TASK DETAILS » Up to and including the line that holds "JoySpring LingoLeap Speech", copy every line of the records below exactly, starting at the first; leave pictures out.

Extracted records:

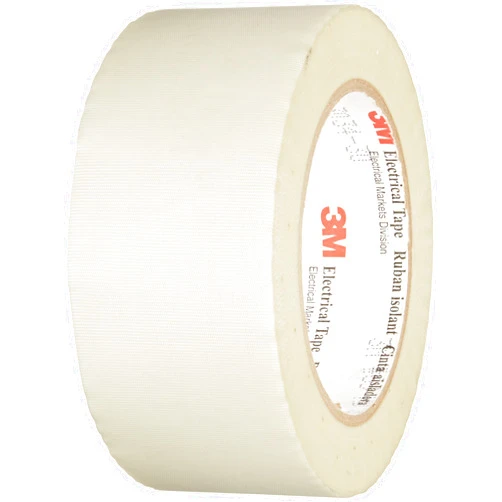 3M 69 Glass Cloth Electrical Tape, Flame Retardant & Insulating, Silicone Adhesive, White, 2 in x 36 yd, 1 Roll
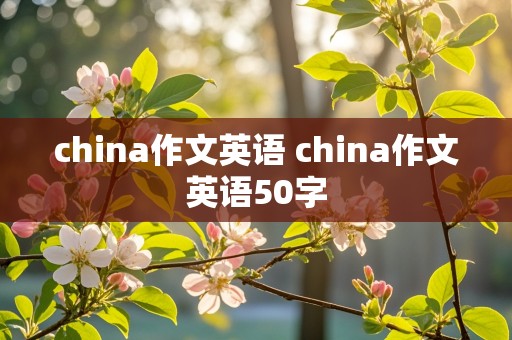 china作文英语 china作文英语50字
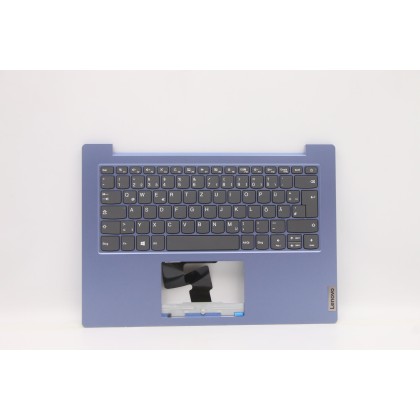 Lenovo 5CB0X57007 Palmrest Top Case con tastiera, Tedesco, Blu ghiaccio, Senza_retroilluminazione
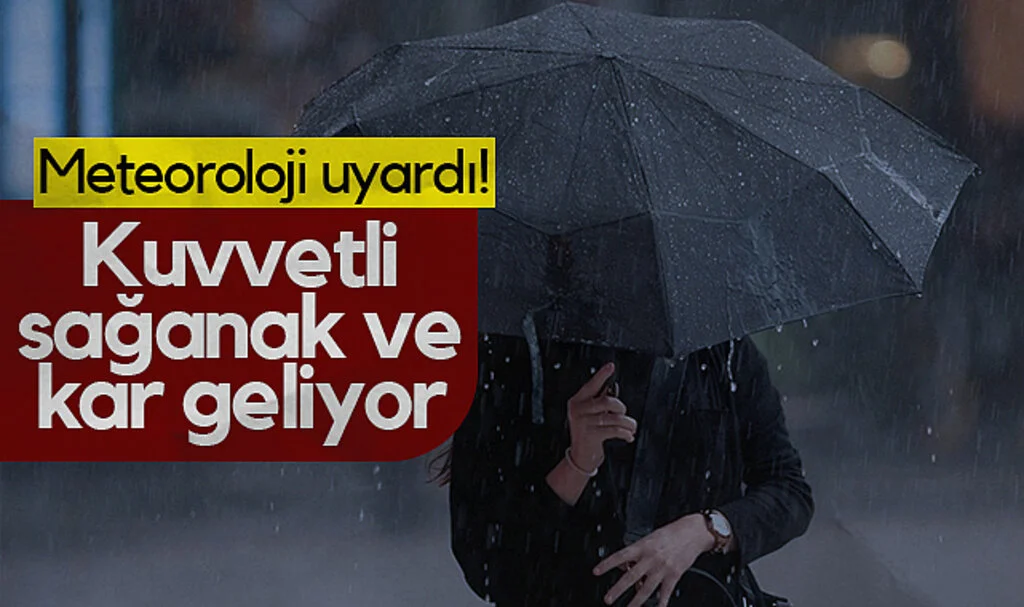 Meteorolojiden Samsun genelinde kuvvetli sağanak ve kar uyarısı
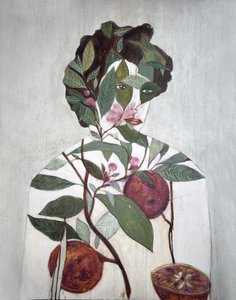 Botanische Figur mit Orangen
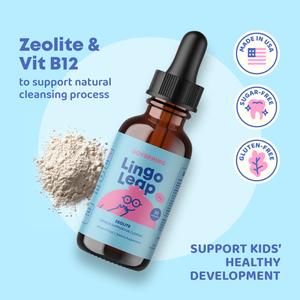 JoySpring LingoLeap Speech Learning Natural Supplement for Kids – Zeolite Drops with B Vitamins and Premium Botanical Extracts To Support Focus, Memory, and Everyday Learning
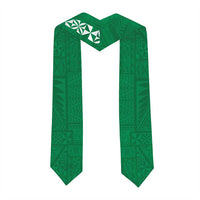 Custom Saineha High School Graduation Stole Tongan Ngatu Pattern LT05 - Polynesian Pride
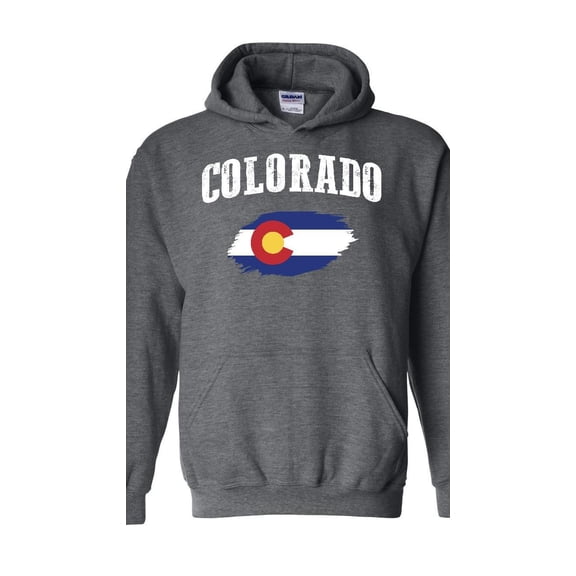 Mens Plus Sweatshirts and Hoodies - Colorado Flag
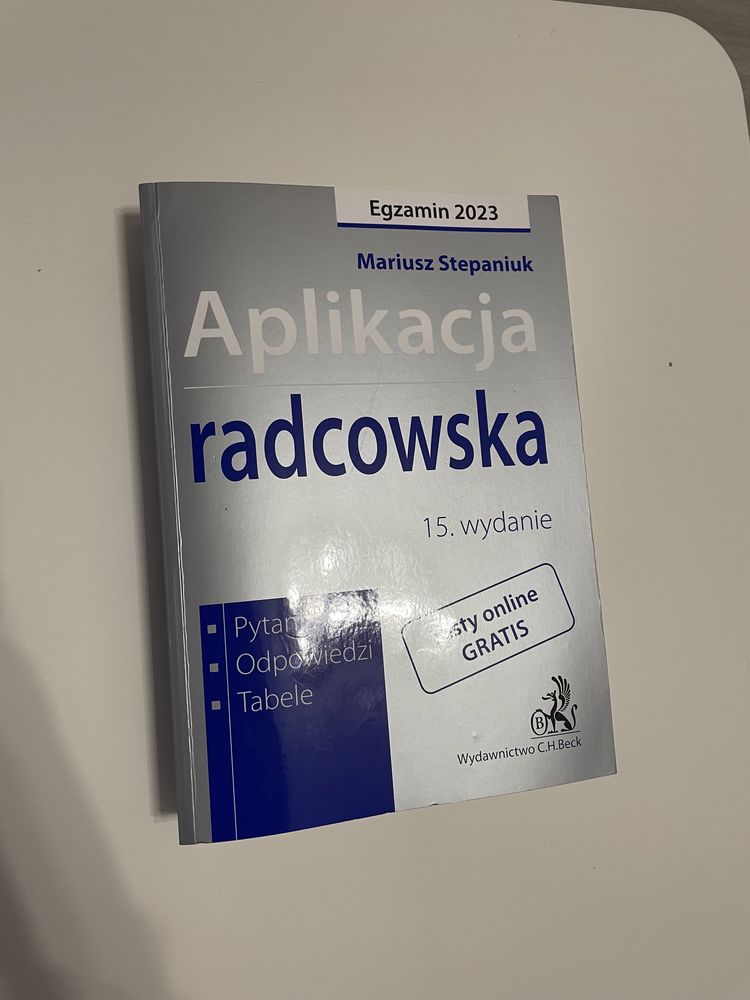 Mariusz Stepaniuk Aplikacja Radcowska 2023 + testy 15. Wydanie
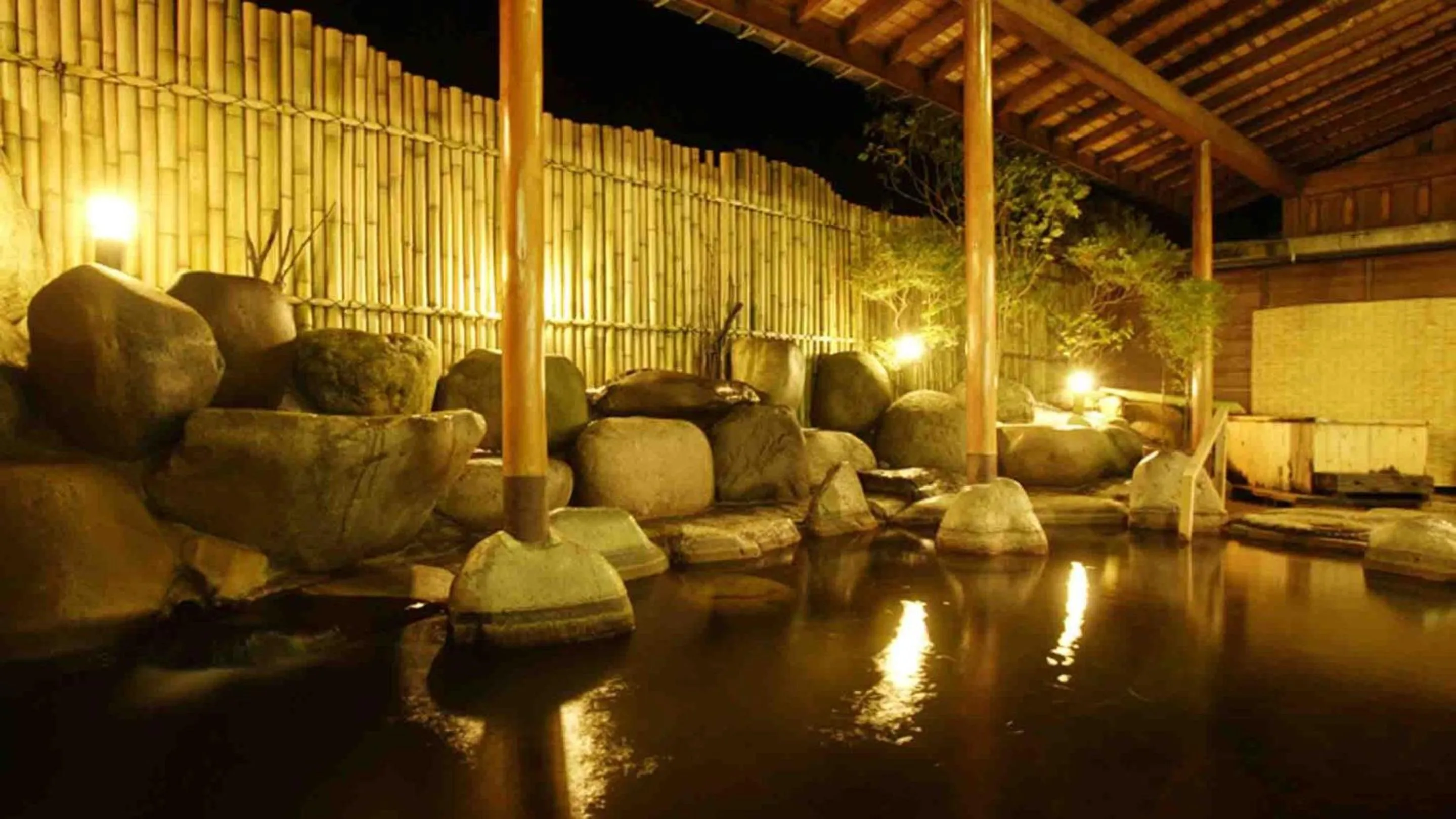 Hot Spring Bath in Hotel Green Plaza Joetsu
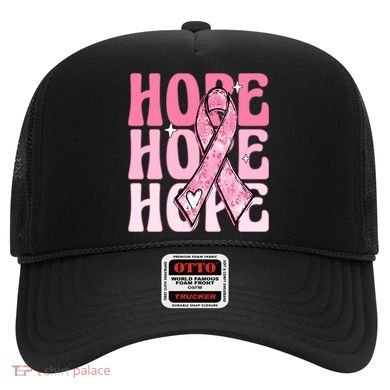 Pink Ribbon Hope Breast Cancer Hat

EXPECTED OUTPUT »
 3M 69 Glass Cloth Electrical Tape, Flame Retardant & Insulating, Silicone Adhesive, White, 2 in x 36 yd, 1 Roll
 china作文英语 china作文英语50字
 Lenovo 5CB0X57007 Palmrest Top Case con tastiera, Tedesco, Blu ghiaccio, Senza_retroilluminazione
 Meteorolojiden Samsun genelinde kuvvetli sağanak ve kar uyarısı
 Botanische Figur mit Orangen
 JoySpring LingoLeap Speech Learning Natural Supplement for Kids – Zeolite Drops with B Vitamins and Premium Botanical Extracts To Support Focus, Memory, and Everyday Learning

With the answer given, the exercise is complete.